Prevention Of Regurgitation

  1. Fix a particular type of feeding schedule in place. This is one of the most important ways to lower the frequency of your dog’s regurgitation or vomiting.
  2. Divide 3 meals into 5-6 mini-meals and introduction of a healthy late-night snacking right before sleep to decrease the night fasting period.
  3. Careful with your food measurements and don’t overindulge.
  4. Some vets recommend feeding a little food in the morning.

Affected Breeds Of Regurgitation

There is no breed disposition.

Most represented breeds are Miniature Schnauzer, Great Dane, German Shepherd, Labrador Retriever, Irish Setter, Newfoundland, Shar Pei, Wire Fox Terrier, Young Dogs

Additional Facts For Regurgitation

1. Causes of regurgitation but this list are not meant to be all-inclusive:

  • Aspiration pneumonia
  • Aspiration pneumonia
  • Colitis
  • Cancer
  • Food allergy
  • Esophagus autoimmune disorders (e.g., myasthenia gravis)
  • The esophagus blockage by scar tissue or tumor or a foreign body.
  • GI foreign bodies
  • Gastritis
  • Giardia infection
  • Hormonal disorders (e.g., hypoadrenocorticism (Addison's disease), hypothyroidism)
  • Helicobacter infection
  • Hiatal hernia (stomach sneaks up into the diaphragm)
  • Inflammatory bowel disease (IBD)
  • Intestinal parasites
  • Liver failure
  • Physalopterosis (gastrointestinal infection caused by stomach worm)
  • Pancreatitis
  • Stomach ulcer
  • Toxin exposure /Severe inflammation of the esophagus

2. Types

Congenital regurgitation:

Some breeds are predisposed for regurgitation due to congenital anomalies in the esophagus

Acquired regurgitation: This is generally caused due to a neuromuscular disease such as myasthenia gravis, inflammation of the esophagus, an esophageal tumor, parasitic infections, a foreign body in the esophagus, or some form of toxicity.
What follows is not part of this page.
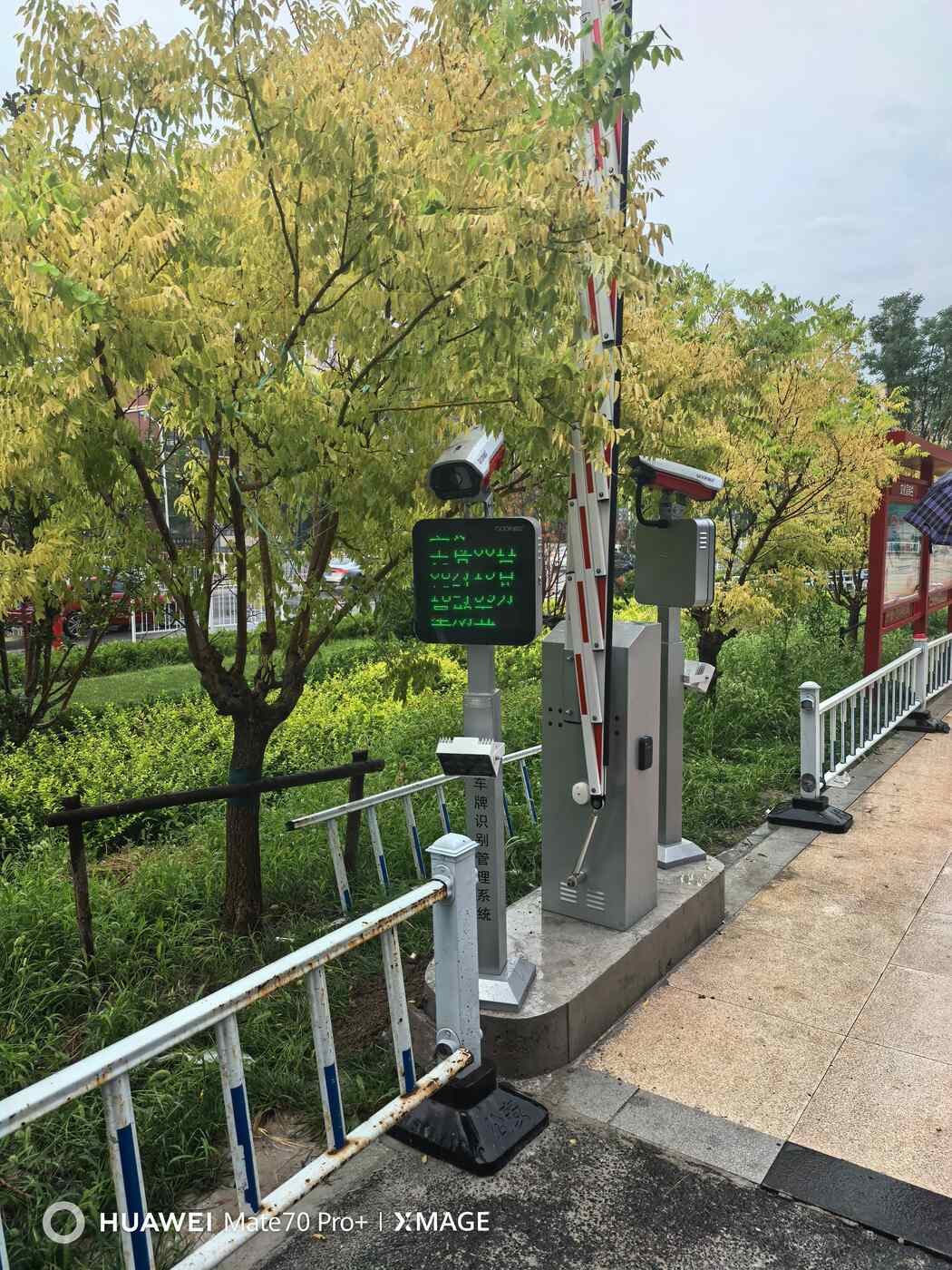天津皓林园现场图2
Idiopathic regurgitation: Late onset and occurs in older dogs without no known cause.

3. Mortality:

Regurgitation in dogs due to cancer and toxins are fatal and the mortality rate is actually higher.

4. Diagnosis:

Regurgitation is usually diagnosed based on:

  • Your pup’s medical history
  • A normal physical examination
  • Signs of chronic/regular vomiting
  • Absence of evidence of other causes

The vet may perform diagnostic tests to rule out other causes (eg abdominal x-rays, a fecal exam, urinalysis, or abdominal ultrasound).

5. Prognosis:

Prognosis depends on the diagnosis and appropriate treatment for acquired cases of megaesophagus. Very severe cases with aspiration pneumonia have a poor prognosis.

When To See A Vet

  • More vomits resulting in dehydration.
  • Your pet has vomited several times.
  • Abnormal vomit, either blood, pink, dark brown, or black.
  • You are concerned about diarrhea or inappetence or abdominal pain.

Food Suggestions For Regurgitation

Best foods to stop regurgitation or vomiting:

  1. 75% of a Dog’s food should be complete, wholesome food certified by the Association of American Feed Control Officials (AAFCO).
  2. The remaining 25% of your dog’s diet can be canned food or other foods.
  3. A small bedtime low-fat snack.
  4. Bland diet: boiled chicken, cooked rice, tofu, low-fat cottage cheese, boiled hamburger, canned tuna, etc.


There is no separate treatment for regurgitation. The treatment depends on the underlying disease or condition or any exposure to toxins. Proper diagnosis of this condition is always best left to your vet to make sure that it is not progressing into a serious form.